Health impact over time

Short-term

Hours to days

Green Pea

  • Sustained energy from complex carbs
  • Increased fullness after eating
  • Possible bloating or gas

Spinach

  • Immediate nutrient boost without heaviness
  • Feeling light after eating
  • Quick digestion leaving you hungry sooner

Long-term

Months to years

Green Pea

  • Better muscle maintenance from plant protein
  • Stable digestive health from fiber
  • Steady weight management from satiety

Spinach

  • Excellent bone health from Vitamin K
  • Improved heart health from folate
  • Risk of kidney stones if overconsumed raw

Risk profile

Safety & processing

Both Green Peas and Spinach are whole, natural foods typically consumed with minimal processing.
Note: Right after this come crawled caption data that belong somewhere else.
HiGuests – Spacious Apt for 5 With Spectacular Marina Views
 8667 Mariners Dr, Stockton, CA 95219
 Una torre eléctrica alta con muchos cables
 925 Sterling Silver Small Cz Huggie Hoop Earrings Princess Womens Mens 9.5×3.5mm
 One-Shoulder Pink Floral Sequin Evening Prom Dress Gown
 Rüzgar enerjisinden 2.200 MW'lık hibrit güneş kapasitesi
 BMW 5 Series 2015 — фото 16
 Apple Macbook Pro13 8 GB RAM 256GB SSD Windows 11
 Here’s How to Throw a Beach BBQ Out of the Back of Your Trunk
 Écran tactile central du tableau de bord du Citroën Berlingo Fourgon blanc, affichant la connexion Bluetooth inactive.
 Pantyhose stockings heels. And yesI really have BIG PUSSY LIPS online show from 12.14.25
Green Pea: minimally processedSpinach: minimally processedSafer overall: Green Pea

Green Pea

  • Pesticide residue

    medium

    Green Peas often carry pesticide residues; choosing organic or washing thoroughly helps.

Spinach

  • Oxalate toxicity and kidney stones

    high

    Raw Spinach is extremely high in oxalates, which bind to calcium and can form kidney stones in susceptible individuals.

  • Pesticide residue

    high

    Spinach consistently ranks high on the EWG's Dirty Dozen list for pesticide residue; organic is strongly recommended.

Who wins for whom

Audience fit

Same foods, different winners depending on your goal.

  • children

    Green Pea

    Green Peas are sweeter, more energy-dense, and easier for kids to eat, providing good nutrition for growth.

  • daily consumption

    Spinach

    Spinach is easier to eat in large quantities daily due to low calorie and carb impact, provided it is cooked to reduce oxalates.

  • diabetes

    Spinach

    Spinach has virtually no impact on blood sugar, while Green Peas contain carbs that require insulin management.

  • elderly

    Spinach

    Spinach provides crucial folate and Vitamin K for cognitive and bone health without excess calories, assuming no kidney issues.

  • muscle gain

    Green Pea

    Green Peas provide actual protein and carbohydrates needed for muscle repair and energy.

  • weight loss

    Spinach

    Spinach provides massive volume and nutrients for almost zero calories, making it the ultimate weight loss food.

Your move

Decision guide

Choose Green Pea

  • You need a filling, satisfying side dish
  • You are active and need carbohydrate energy
  • You want to increase plant-based protein intake
  • You have a history of kidney stones and need low-oxalate greens

Choose Spinach

  • You are trying to lose weight or cut calories
  • You are on a low-carb or ketogenic diet
  • You want to maximize your vitamin intake
  • You need a versatile green that cooks down into anything

Either works if

  • You want to boost your daily vegetable intake
  • You are making a nutrient-dense soup or stew

Avoid both if

  • You are on a strict low-fiber diet for acute digestive issues

Final recommendation

Use Spinach as your daily low-calorie nutrient base, and add Green Peas when you need more energy, protein, and lasting fullness.

Practical

Consumer tips

  1. 1

    Cook Spinach to drastically reduce its oxalate content, making it safer for your kidneys.

  2. 2

    Buy organic Spinach whenever possible, as it is one of the most pesticide-heavy vegetables.

  3. 3

    Frozen Green Peas are just as nutritious as fresh and incredibly convenient.

  4. 4

    Mix both into a salad or stir-fry to get the volume of Spinach with the satisfying bite of Green Peas.